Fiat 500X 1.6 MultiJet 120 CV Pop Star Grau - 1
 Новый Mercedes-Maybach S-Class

###

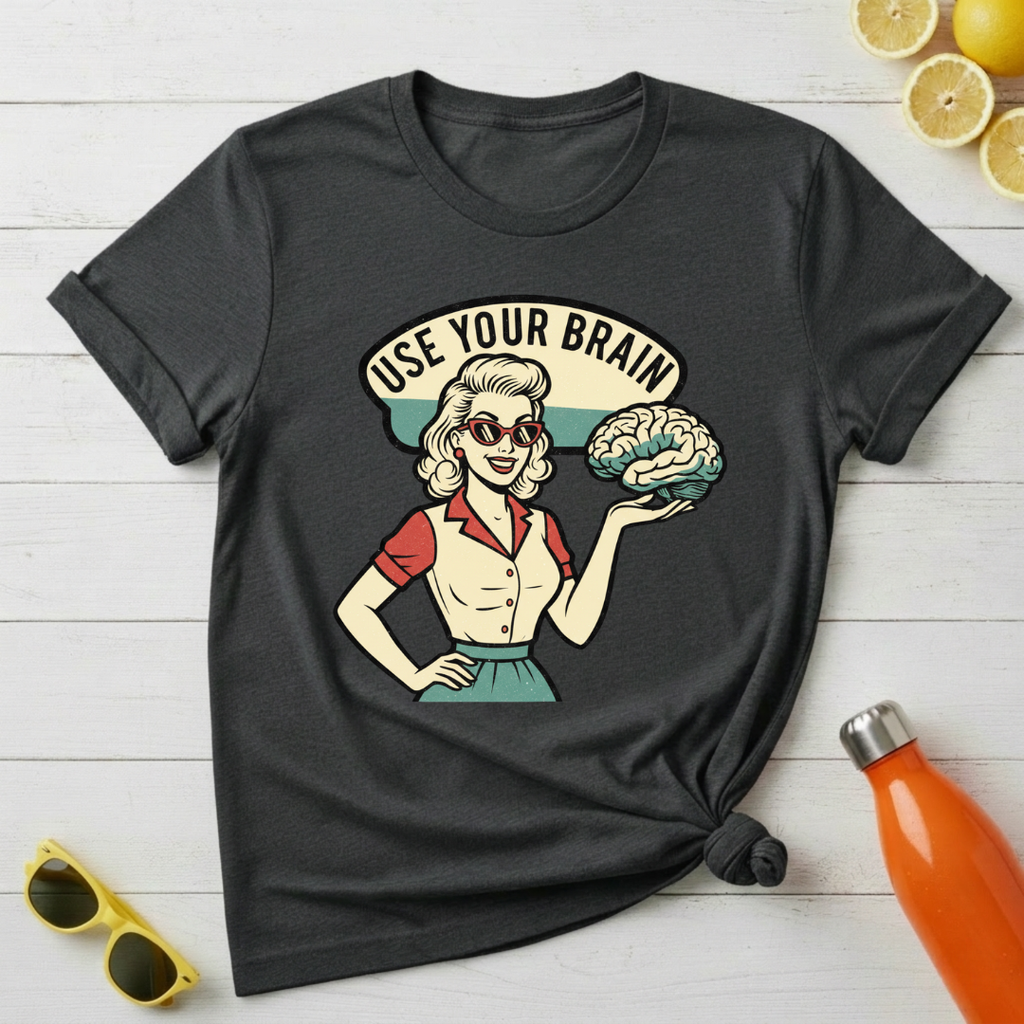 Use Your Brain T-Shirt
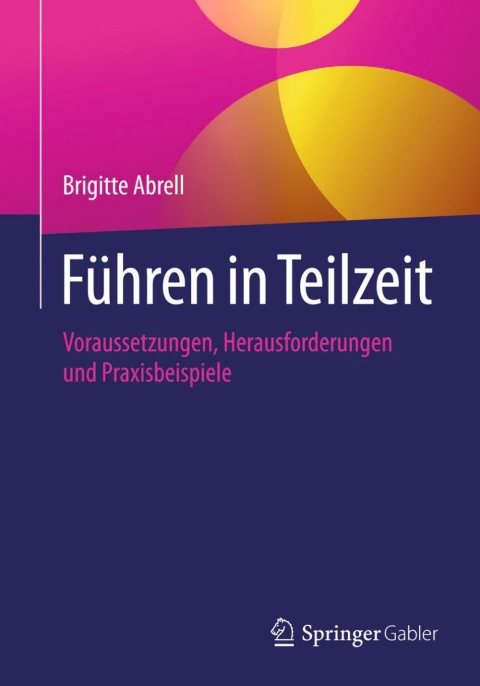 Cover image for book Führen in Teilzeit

###

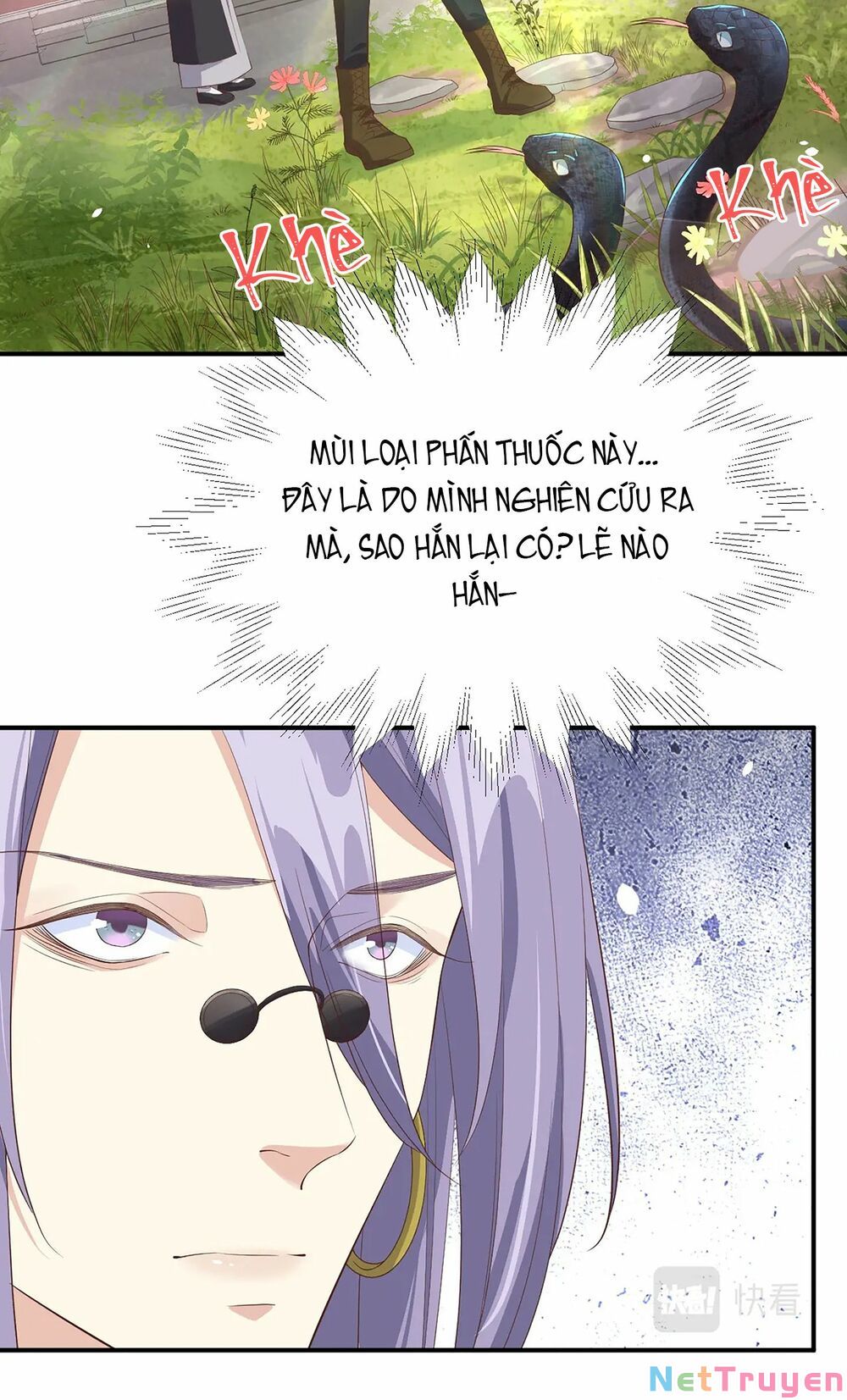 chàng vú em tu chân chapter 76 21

###

## [WORK INSTRUCTIONS]
Above this instruction are the records; retype exactly the lines from the one containing "Fiat 500X 1.6" up to and including the one containing "Новый Mercedes-Maybach S-Class".

## [RESULT OF THIS EXERCISE]
Fiat 500X 1.6 MultiJet 120 CV Pop Star Grau - 1
 Новый Mercedes-Maybach S-Class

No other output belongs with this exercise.